Prompt. Leave out the images; return the rest of the data exactly.

Information shown.
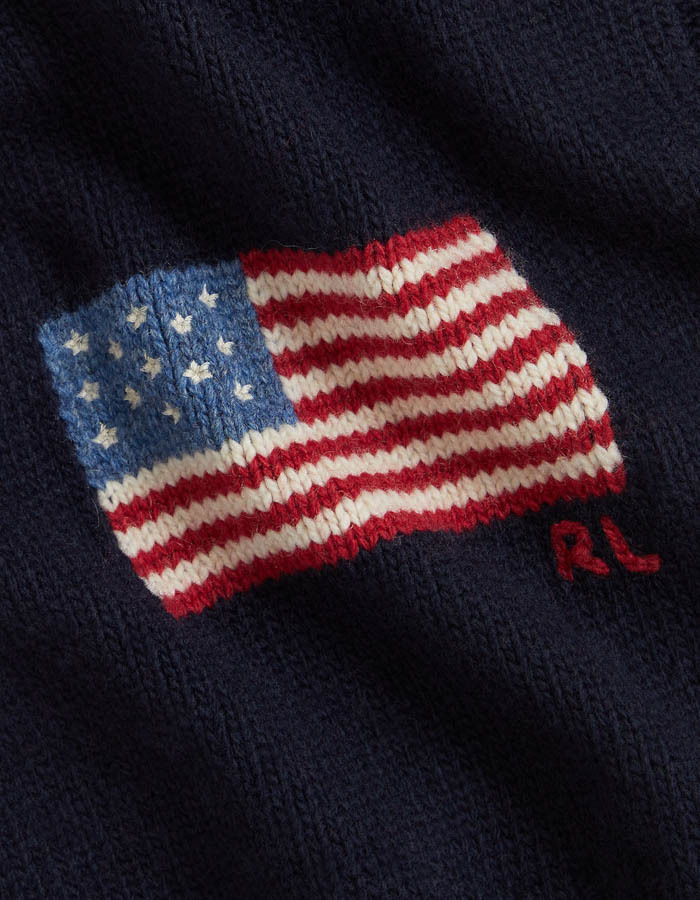 Flag Knit Wool-Blend Scarf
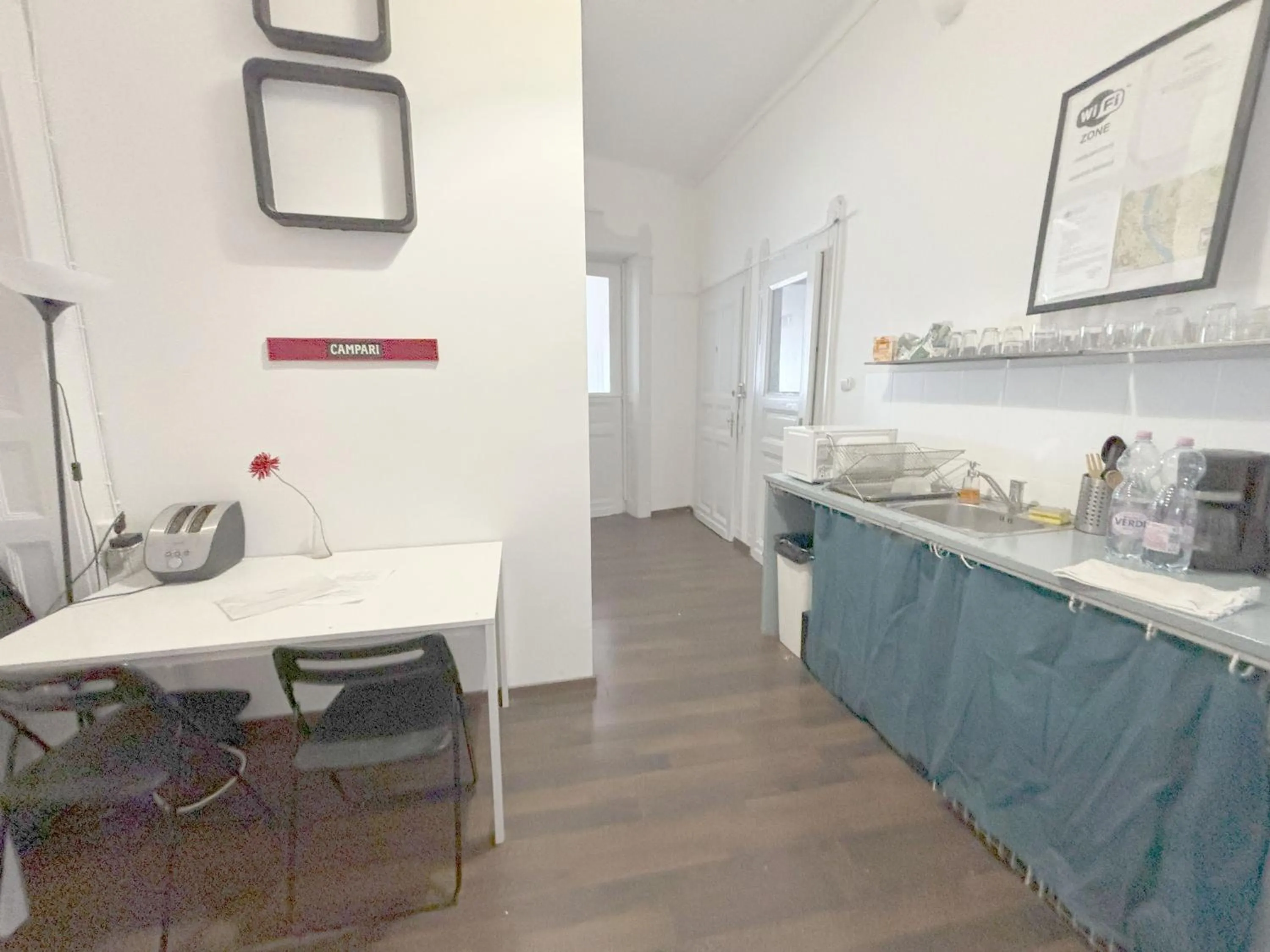 Communal kitchen in Artist Guest House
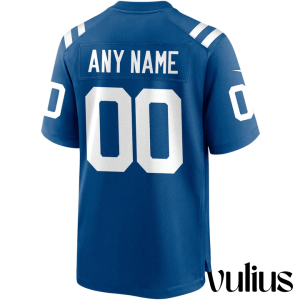 Custom Colts Jersey, Royal Youth's Jersey, Custom Home Game Jersey - Replica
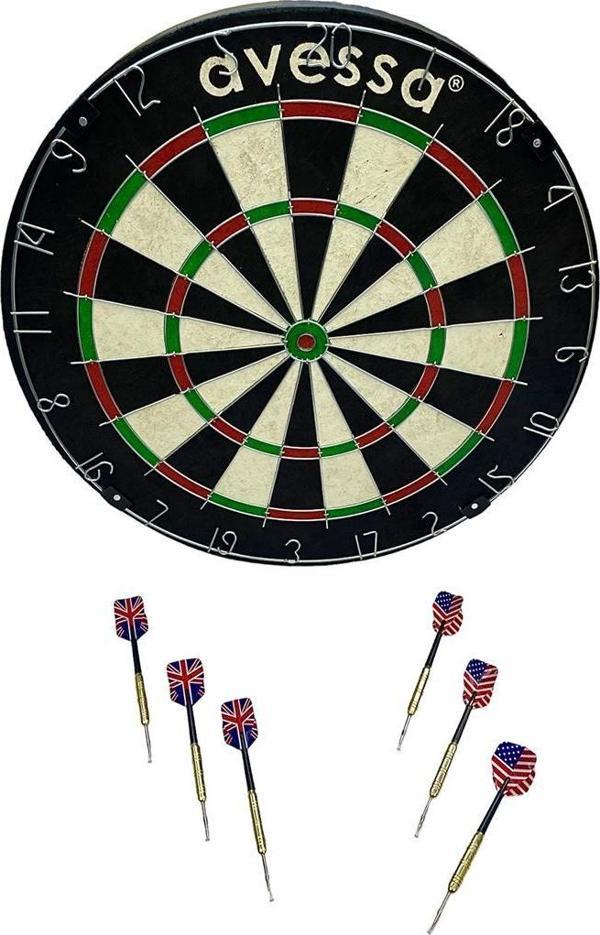 Avessa Dart-150 Sisal Profesyonel Dart Tahtası Seti - Image 1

Solved problem.
 Flag Knit Wool-Blend Scarf
 Communal kitchen in Artist Guest House
 Custom Colts Jersey, Royal Youth's Jersey, Custom Home Game Jersey - Replica
 Avessa Dart-150 Sisal Profesyonel Dart Tahtası Seti - Image 1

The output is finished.